At her side on the dais as she addressed 2,000 applauding teachers and paraprofessionals were Comptroller Bill Thompson and Council Speaker Gifford Miller, two of the Democrats who may wind up challenging the mayor in 2005, or running to succeed him should he decide not to seek re-election. Weingarten’s war, accompanied by Bloomberg’s submarining poll numbers and the emergence last week of the mayor’s first putative opponent, Brooklyn congressman Anthony Weiner, are the strongest indications that his big-money advantage may not be enough to presumptively re-elect him.

The reasons for the turnaround are mysterious. Weingarten just filed a lawsuit against the administration, accusing it of discriminating against minorities by laying off 848 UFT-represented paras. She’s bonkers over the mayor’s decision to invoke a budgetary emergency and reduce sabbaticals, but that only affects a portion of the thousand or so teachers who annually collect as much as 70 percent of their salaries while taking a year off, ostensibly for developmental coursework. She’s particularly upset, she told the Voice in an abbreviated interview, that the Bloomberg administration dismissed her offer “to explore a moratorium on sabbaticals to avert the para layoffs,” cutting the perks unilaterally rather than in a tradeoff with the union.

Finally, in Weingarten’s role as chair of the Municipal Labor Committee, which incorporates all the city unions, she’s enraged that Bloomberg didn’t accept the charade concessions she offered to meet his $600 million gap-closing goal.

But the unstated reason for this unusual attack on a sitting mayor who just awarded the union its biggest contract ever, raising salaries by 16 to 22 percent, is the new control he now has over the schools, a power he wrested from the legislature last year. Instead of dealing with a Board of Education whose everyday invisible decisions were vetted by the union, Weingarten is now confronted by a mayoral department, whose chancellor is determined to exercise managerial control.

In her speech, Weingarten could not distinguish between problems with the plan that are legitimate union matters—such as whether the new curriculum forces many teachers “to abandon the successful instructional practices” they’ve developed—and those that are a management prerogative, like the regional structure she contemptuously derided. Though she renamed the Children First plan Control First, assailing its “hierarchical command-and-control system,” it’s clearly her own lack of control over a wholesale reorganization that’s driving the very public critique.

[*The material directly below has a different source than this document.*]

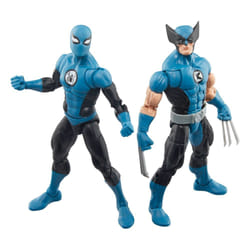 Marvel Legends Series Wolverine & Spider-Man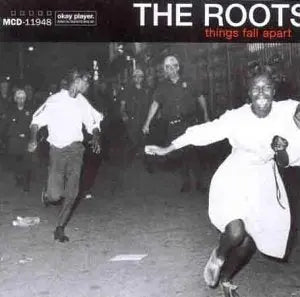 The Roots - Things Fall Apart [Vinyl] (Music on Vinyl Edition)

She was in such a rush to denounce it—in front of more cameras than may have ever covered a UFT conference—that she officially declared the repudiation of a resolution supporting the plan passed by the union’s delegate assembly without going back for another vote (so much for union democracy). She assailed the new “six-figure executives” on school organization charts that she said “the CEO mayor” was “more comfortable with” than teachers without mentioning that the Bloomberg plan, according to Deputy Mayor Dennis Walcott, cuts six-figure district administrative positions from 207 to 193. She savaged the plan for not reducing class size “across the board” but never acknowledged that it does slash English classes in middle school from 35 students to 28, a stunning improvement in a fiscal firestorm.

The grandiose conclusion of the speech—a challenge to Chancellor Joel Klein and his deputies to teach a weekly class—was designed to portray them as out of touch with school realities, culminating with her snickering offer to allow UFT officers “to mentor” Klein et al. “during their internships.” Ironically, Weingarten is an attorney like Klein and represented the union until 1998, when UFT president Sandra Feldman moved up to the national presidency and installed Weingarten as her successor, handpicking her over a cadre of elected union leaders who were also career teachers.

In urging Klein “to walk in the shoes of teachers” on Saturday, she described how she’d done it, claiming that she “taught, sometimes full time, sometimes part time, at Clara Barton High School for six years.” Actually, records reviewed by the Voice indicate that she taught 122 days as a per diem teacher from September 1991 through June 1994, roughly one in four days. She then did what she told the Voice was her only full-time term in the fall semester of 1994, followed by 33 days as a per diem teacher in the spring of 1995.

Strangely, while she told the Voice she was a per diem for the 1995-96 and 1996-97 school years, her records list her as a full-time teacher. Because she was credited with the required two years of full-time service she doesn’t even claim she performed, she was given a permanent certificate in September 1996. She has been on union leave since 1997, accumulating a total of nine years of pensionable city time though she only did one semester of full-time teaching.

In fact, her speech’s obsession with power politics was itself out of touch with the far more professional concerns of teachers at the conference. When the chancellor appeared at the morning soapbox and took questions for more than an hour, teachers raised substantive issues ranging from the science curriculum to the fate of bilingual education. During breaks in the main program, teachers swarmed around the Rhinelander Room at the hotel, which was filled with UFT booths offering teaching guides, and packed workshops that were apolitically educational.

While the teachers at the luncheon were receptive to her attacks on the mayor’s plan, they might just as easily have kept an open mind about it, had Weingarten instead delivered a mixed speech, reviewing its pluses and minuses. That’s what she was doing in January when she bearhugged Klein at a meeting of the union delegate assembly, pushing them to back the changes, though adding a series of caveats to the resolution. Then she was praising Klein’s 10 new regional superintendents as the cream of the crop, and calling Klein “brave” for choosing a single citywide curriculum.

The Times quoted her in February as saying, “I have people telling me, ‘You’re being too open about this, not cautious enough.’ But if the system isn’t working and someone has an idea that could theoretically make things much better, why not try it?” Defying the logic of her own question, she’s now turning her union into a saboteur, prepared to kill the reform from within.

Seismic swings are hardly new for her. She endorsed Alan Hevesi in the mayoral primary of 2001, Freddy Ferrer in the runoff, and Mark Green in the general, but managed to get the best contract in union history from the only candidate she didn’t endorse. She gave the union’s highest honor, its 2002 John Dewey award, to George Pataki to get his support for the new contract, even though she’d presented the same award in 2000 to the lawyers who were suing Pataki to force change in the state aid formula. She endorsed Pataki, only to watch him propose the biggest school cuts ever.

Now, blessed with a mayor who’s made education his top priority, and backed three extraordinary tax increases to help finance schools, Weingarten has bizarrely positioned her union as the advance guard for whatever 2005 campaign emerges against him. Part pout and part powerplay, her sudden swing may make her the center of her own future storm.